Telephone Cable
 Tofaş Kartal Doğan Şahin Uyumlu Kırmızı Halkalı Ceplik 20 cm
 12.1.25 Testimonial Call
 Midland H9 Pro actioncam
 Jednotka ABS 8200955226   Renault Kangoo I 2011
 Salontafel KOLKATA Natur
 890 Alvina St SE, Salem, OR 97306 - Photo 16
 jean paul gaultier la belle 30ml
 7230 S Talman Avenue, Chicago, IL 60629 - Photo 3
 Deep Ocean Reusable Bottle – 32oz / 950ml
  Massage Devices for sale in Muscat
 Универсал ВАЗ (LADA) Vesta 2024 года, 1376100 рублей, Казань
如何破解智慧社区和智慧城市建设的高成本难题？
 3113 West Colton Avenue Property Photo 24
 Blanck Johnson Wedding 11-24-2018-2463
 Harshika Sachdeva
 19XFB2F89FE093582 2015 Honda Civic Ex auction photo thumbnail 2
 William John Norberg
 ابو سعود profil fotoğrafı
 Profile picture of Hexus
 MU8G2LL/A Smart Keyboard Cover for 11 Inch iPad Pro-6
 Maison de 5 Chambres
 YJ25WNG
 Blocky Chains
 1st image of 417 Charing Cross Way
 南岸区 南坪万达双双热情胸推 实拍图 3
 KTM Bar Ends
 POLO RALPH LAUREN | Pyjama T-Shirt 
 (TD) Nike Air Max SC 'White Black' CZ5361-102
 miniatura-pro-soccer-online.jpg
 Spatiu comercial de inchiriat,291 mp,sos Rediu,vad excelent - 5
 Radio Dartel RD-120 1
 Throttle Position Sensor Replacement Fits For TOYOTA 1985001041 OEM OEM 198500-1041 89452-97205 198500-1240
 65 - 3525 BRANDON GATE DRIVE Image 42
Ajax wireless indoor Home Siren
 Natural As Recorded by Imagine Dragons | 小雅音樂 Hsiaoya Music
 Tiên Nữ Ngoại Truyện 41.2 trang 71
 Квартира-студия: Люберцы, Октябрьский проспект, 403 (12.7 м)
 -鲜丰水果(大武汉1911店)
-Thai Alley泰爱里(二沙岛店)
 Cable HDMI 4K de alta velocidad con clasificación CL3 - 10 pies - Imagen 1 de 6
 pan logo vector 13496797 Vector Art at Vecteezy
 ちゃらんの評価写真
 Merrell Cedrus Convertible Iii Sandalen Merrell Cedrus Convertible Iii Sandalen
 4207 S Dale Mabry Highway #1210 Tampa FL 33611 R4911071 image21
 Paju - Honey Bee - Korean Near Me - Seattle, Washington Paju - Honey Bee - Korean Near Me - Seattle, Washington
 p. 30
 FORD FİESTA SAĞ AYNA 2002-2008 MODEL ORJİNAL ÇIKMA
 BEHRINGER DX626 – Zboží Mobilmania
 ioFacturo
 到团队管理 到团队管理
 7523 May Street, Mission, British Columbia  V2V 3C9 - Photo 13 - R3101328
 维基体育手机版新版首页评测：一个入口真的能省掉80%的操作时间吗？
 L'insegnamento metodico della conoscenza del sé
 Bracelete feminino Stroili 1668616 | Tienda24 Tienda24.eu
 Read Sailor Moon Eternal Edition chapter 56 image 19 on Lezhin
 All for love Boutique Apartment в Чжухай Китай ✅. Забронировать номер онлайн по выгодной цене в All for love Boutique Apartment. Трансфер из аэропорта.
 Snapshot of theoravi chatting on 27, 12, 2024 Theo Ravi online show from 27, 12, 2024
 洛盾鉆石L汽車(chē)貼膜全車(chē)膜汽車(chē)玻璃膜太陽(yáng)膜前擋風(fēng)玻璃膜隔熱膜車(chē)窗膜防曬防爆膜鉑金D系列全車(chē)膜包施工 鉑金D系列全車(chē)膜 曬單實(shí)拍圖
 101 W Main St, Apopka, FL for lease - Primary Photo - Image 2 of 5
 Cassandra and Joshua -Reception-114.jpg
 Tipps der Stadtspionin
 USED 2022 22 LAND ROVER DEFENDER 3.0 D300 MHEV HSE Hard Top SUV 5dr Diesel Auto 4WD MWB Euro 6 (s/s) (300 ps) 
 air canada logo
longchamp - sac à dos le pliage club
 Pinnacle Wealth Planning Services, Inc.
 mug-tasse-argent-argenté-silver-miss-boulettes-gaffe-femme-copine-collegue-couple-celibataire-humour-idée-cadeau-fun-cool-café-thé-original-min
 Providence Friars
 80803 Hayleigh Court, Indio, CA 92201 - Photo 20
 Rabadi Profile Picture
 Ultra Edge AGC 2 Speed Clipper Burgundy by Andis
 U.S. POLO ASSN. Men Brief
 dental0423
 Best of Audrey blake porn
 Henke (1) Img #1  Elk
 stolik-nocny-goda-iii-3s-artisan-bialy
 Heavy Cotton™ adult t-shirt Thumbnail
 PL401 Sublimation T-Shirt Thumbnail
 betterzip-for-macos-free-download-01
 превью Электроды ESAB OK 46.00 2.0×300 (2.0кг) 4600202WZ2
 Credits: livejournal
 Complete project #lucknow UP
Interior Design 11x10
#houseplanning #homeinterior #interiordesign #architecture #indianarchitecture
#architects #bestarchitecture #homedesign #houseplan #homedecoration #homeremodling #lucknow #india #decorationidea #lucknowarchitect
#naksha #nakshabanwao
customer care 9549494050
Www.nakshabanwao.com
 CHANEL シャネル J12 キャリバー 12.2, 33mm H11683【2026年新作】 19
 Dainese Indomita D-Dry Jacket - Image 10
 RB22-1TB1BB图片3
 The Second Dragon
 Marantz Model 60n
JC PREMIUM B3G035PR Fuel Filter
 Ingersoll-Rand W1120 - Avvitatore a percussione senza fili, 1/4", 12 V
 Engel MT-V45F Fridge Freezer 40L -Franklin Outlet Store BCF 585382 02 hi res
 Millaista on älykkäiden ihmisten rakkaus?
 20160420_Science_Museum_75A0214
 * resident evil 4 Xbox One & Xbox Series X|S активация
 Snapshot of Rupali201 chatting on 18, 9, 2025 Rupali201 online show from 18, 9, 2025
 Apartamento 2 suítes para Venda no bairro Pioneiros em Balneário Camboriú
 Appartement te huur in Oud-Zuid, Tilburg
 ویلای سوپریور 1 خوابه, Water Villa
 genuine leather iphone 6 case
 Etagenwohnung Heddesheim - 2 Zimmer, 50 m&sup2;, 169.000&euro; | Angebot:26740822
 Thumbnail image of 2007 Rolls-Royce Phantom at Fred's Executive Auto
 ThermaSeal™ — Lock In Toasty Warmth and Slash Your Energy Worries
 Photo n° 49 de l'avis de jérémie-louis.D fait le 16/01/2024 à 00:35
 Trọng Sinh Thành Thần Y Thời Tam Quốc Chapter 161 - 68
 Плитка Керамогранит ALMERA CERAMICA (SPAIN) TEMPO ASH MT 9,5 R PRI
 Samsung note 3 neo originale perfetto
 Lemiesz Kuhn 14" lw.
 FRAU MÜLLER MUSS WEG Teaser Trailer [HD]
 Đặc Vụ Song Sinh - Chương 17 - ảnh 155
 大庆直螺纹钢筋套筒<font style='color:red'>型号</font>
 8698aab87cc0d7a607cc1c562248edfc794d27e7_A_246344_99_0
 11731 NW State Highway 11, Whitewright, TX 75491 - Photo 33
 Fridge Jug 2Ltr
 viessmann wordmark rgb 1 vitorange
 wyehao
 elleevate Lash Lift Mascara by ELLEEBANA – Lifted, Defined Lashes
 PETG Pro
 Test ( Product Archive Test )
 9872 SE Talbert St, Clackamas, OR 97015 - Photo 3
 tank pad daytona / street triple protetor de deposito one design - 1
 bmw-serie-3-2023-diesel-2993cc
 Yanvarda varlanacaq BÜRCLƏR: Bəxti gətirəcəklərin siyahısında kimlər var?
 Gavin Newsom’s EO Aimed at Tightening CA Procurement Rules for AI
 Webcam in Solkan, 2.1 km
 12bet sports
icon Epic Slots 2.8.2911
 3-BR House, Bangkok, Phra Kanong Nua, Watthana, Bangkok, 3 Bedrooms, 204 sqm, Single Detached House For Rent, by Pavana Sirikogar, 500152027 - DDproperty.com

EXERCISE BRIEF ▸ Look through the listing, and copy each line that contains the word "show".

RESULT ▸
 Snapshot of theoravi chatting on 27, 12, 2024 Theo Ravi online show from 27, 12, 2024
 Snapshot of Rupali201 chatting on 18, 9, 2025 Rupali201 online show from 18, 9, 2025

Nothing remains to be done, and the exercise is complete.